WHAT IS REQUIRED. While you copy the lines below, skip the pictures and keep the rest exact.

RECORDED DATA.
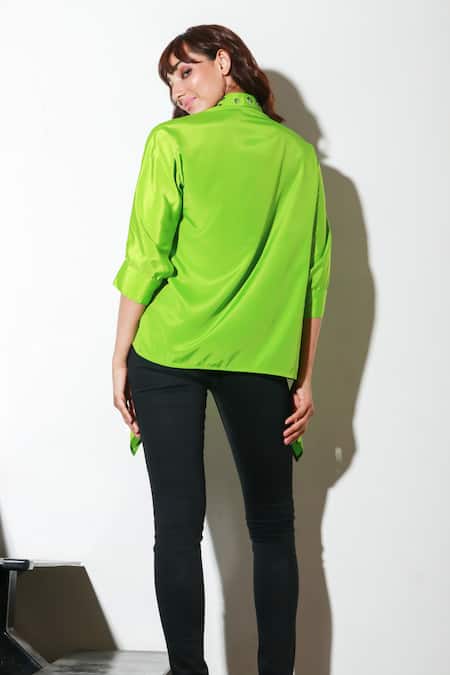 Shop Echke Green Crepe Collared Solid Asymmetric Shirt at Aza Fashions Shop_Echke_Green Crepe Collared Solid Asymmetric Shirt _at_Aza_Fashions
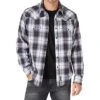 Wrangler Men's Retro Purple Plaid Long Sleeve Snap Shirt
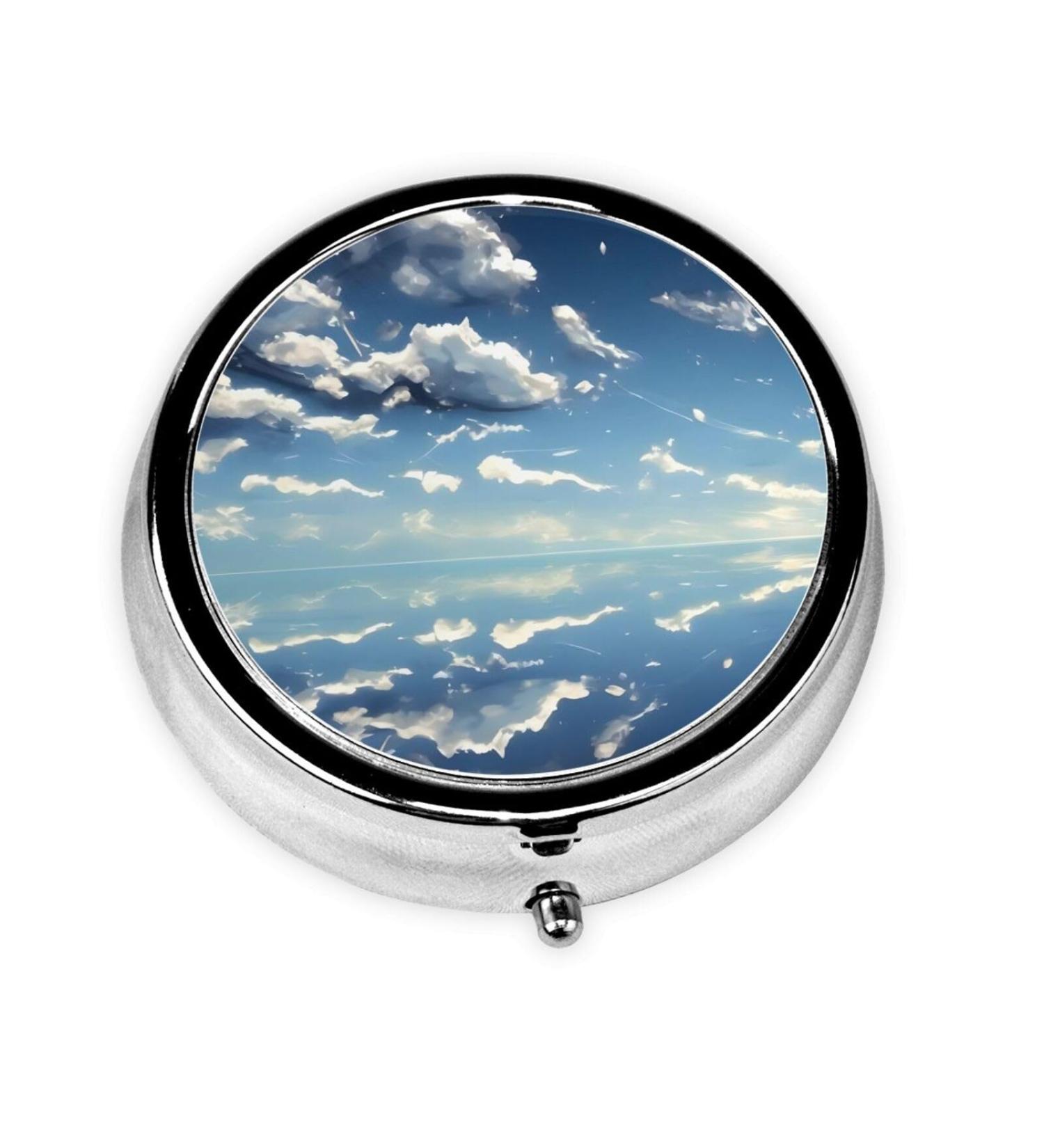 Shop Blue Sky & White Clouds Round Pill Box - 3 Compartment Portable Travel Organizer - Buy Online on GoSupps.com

EXERCISE RESULT.
 Shop Echke Green Crepe Collared Solid Asymmetric Shirt at Aza Fashions Shop_Echke_Green Crepe Collared Solid Asymmetric Shirt _at_Aza_Fashions
 Wrangler Men's Retro Purple Plaid Long Sleeve Snap Shirt
 Shop Blue Sky & White Clouds Round Pill Box - 3 Compartment Portable Travel Organizer - Buy Online on GoSupps.com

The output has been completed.